_GIVEN RECORDS:_
☆ ☆ ☆ ☆ ☆ ☆ ☆

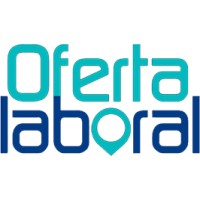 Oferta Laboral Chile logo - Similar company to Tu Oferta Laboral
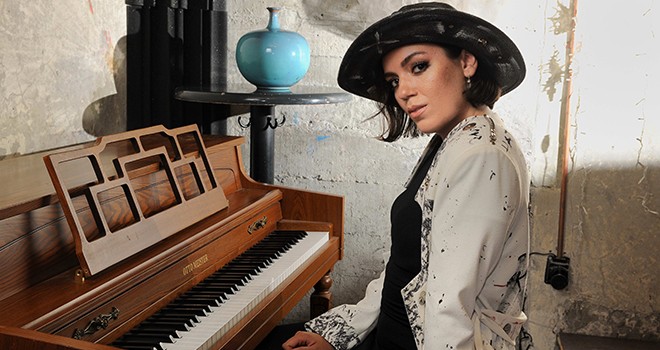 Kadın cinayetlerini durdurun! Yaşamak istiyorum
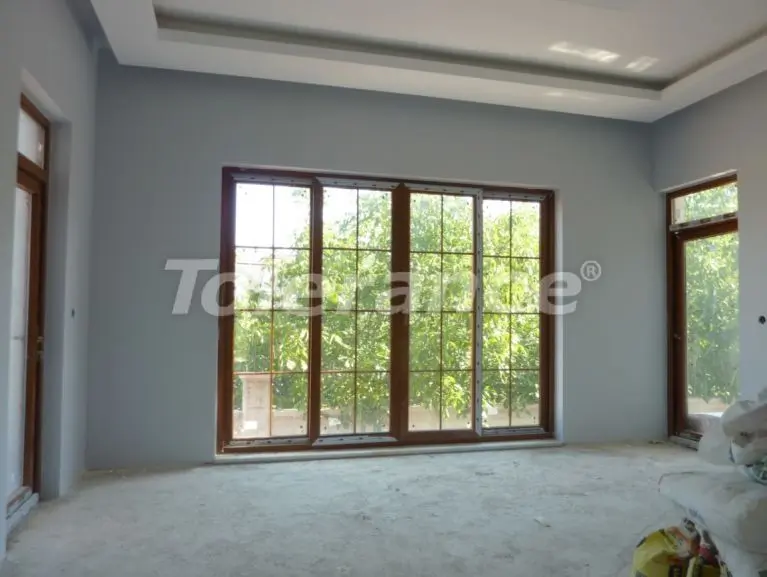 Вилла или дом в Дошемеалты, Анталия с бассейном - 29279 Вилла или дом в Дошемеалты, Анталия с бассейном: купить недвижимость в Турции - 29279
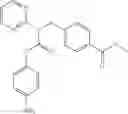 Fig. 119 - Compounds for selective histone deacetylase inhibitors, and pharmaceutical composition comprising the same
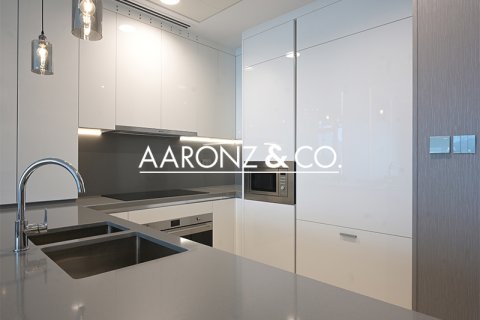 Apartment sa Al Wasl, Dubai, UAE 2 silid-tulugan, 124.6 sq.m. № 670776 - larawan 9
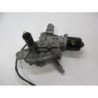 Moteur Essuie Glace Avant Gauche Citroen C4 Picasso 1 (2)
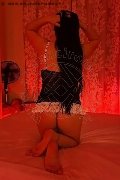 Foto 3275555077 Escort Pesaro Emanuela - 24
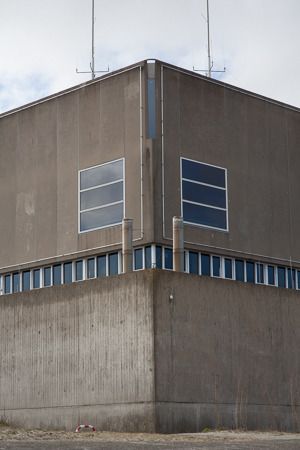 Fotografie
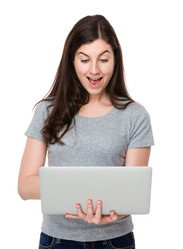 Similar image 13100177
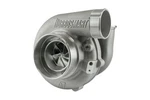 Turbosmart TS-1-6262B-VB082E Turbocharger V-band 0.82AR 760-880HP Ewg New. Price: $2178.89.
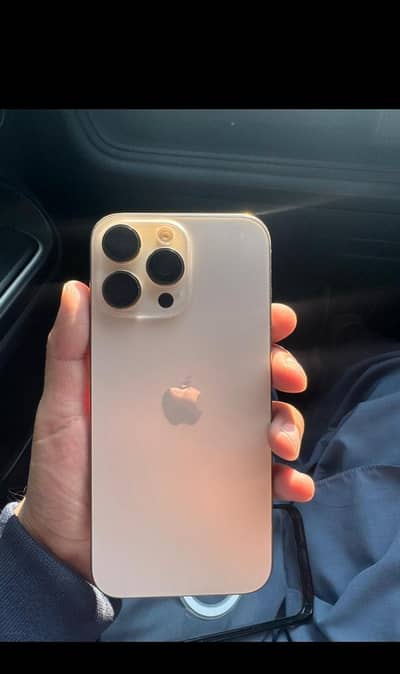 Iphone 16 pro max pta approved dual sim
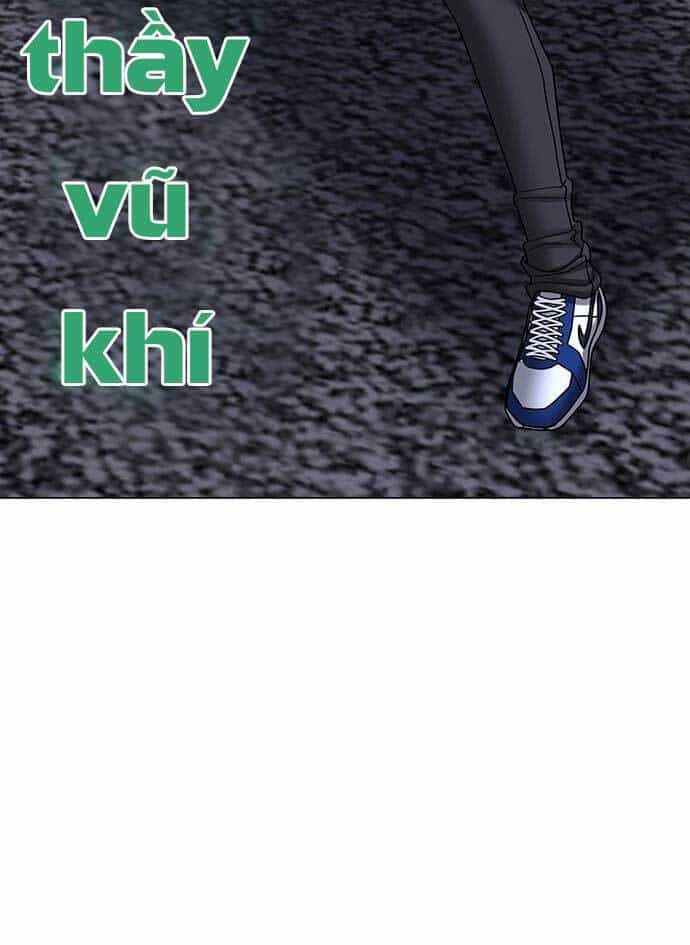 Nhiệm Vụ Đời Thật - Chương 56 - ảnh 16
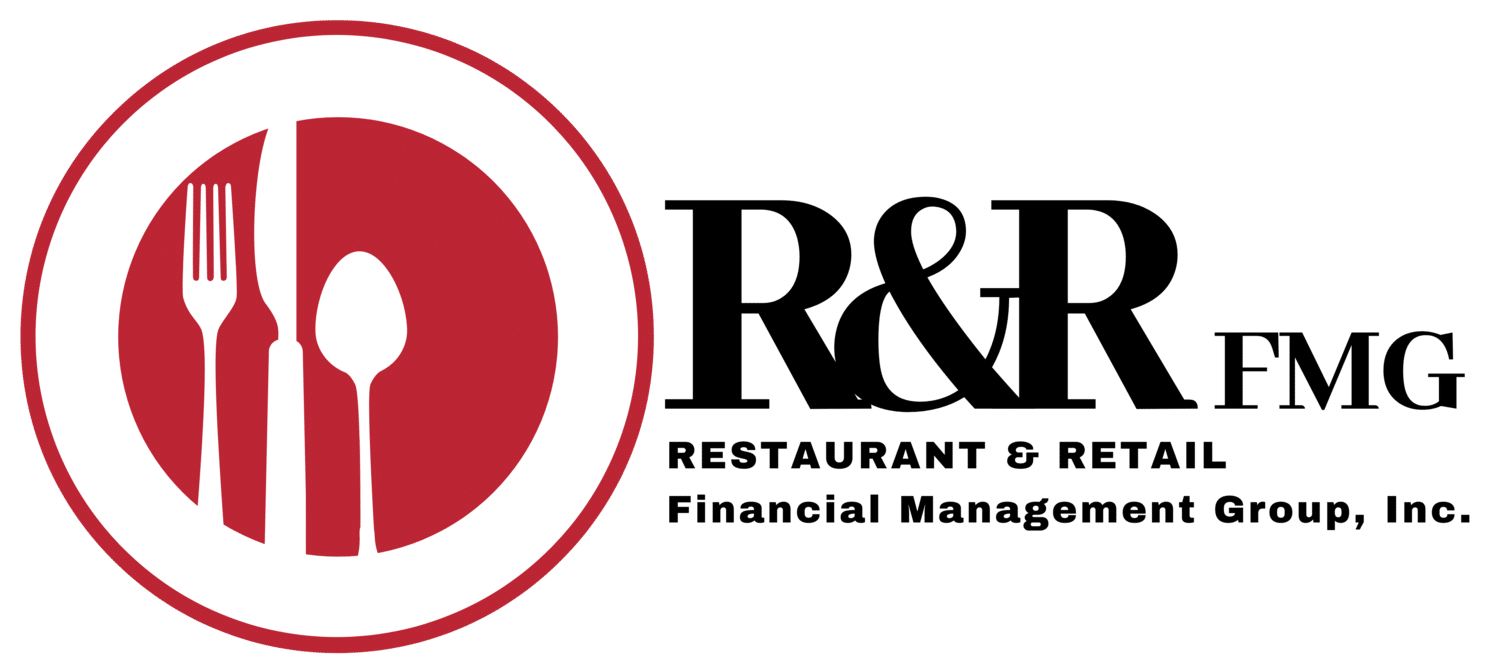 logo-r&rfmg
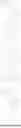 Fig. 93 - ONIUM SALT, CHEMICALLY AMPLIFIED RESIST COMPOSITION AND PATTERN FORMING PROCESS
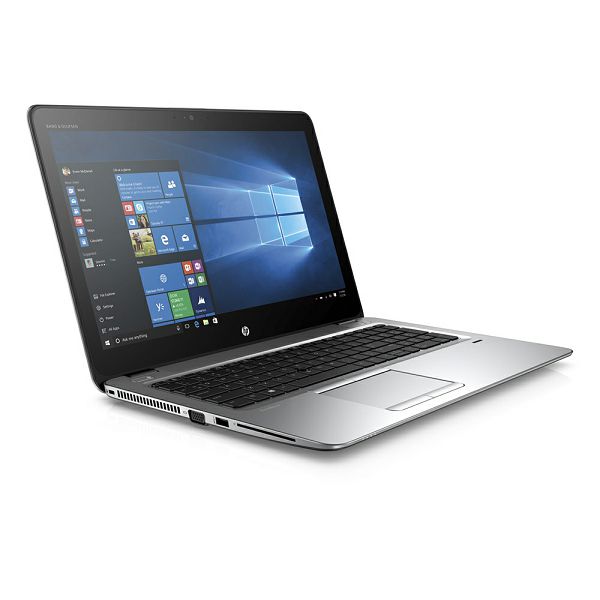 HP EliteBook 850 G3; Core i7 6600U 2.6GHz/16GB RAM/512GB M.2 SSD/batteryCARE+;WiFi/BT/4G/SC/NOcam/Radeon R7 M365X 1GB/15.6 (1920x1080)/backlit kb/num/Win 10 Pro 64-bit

☆ ☆ ☆ ☆ ☆ ☆ ☆

Without any pictures, write out the lines running from the one containing "Вилла или дом в Дошемеалты, Анталия с бассейном - 29279" through the end of the listing above, both included, exactly as given.

 Вилла или дом в Дошемеалты, Анталия с бассейном - 29279 Вилла или дом в Дошемеалты, Анталия с бассейном: купить недвижимость в Турции - 29279
 Fig. 119 - Compounds for selective histone deacetylase inhibitors, and pharmaceutical composition comprising the same
 Apartment sa Al Wasl, Dubai, UAE 2 silid-tulugan, 124.6 sq.m. № 670776 - larawan 9
 Moteur Essuie Glace Avant Gauche Citroen C4 Picasso 1 (2)
 Foto 3275555077 Escort Pesaro Emanuela - 24
 Fotografie
 Similar image 13100177
 Turbosmart TS-1-6262B-VB082E Turbocharger V-band 0.82AR 760-880HP Ewg New. Price: $2178.89.
 Iphone 16 pro max pta approved dual sim
 Nhiệm Vụ Đời Thật - Chương 56 - ảnh 16
 logo-r&rfmg
 Fig. 93 - ONIUM SALT, CHEMICALLY AMPLIFIED RESIST COMPOSITION AND PATTERN FORMING PROCESS
 HP EliteBook 850 G3; Core i7 6600U 2.6GHz/16GB RAM/512GB M.2 SSD/batteryCARE+;WiFi/BT/4G/SC/NOcam/Radeon R7 M365X 1GB/15.6 (1920x1080)/backlit kb/num/Win 10 Pro 64-bit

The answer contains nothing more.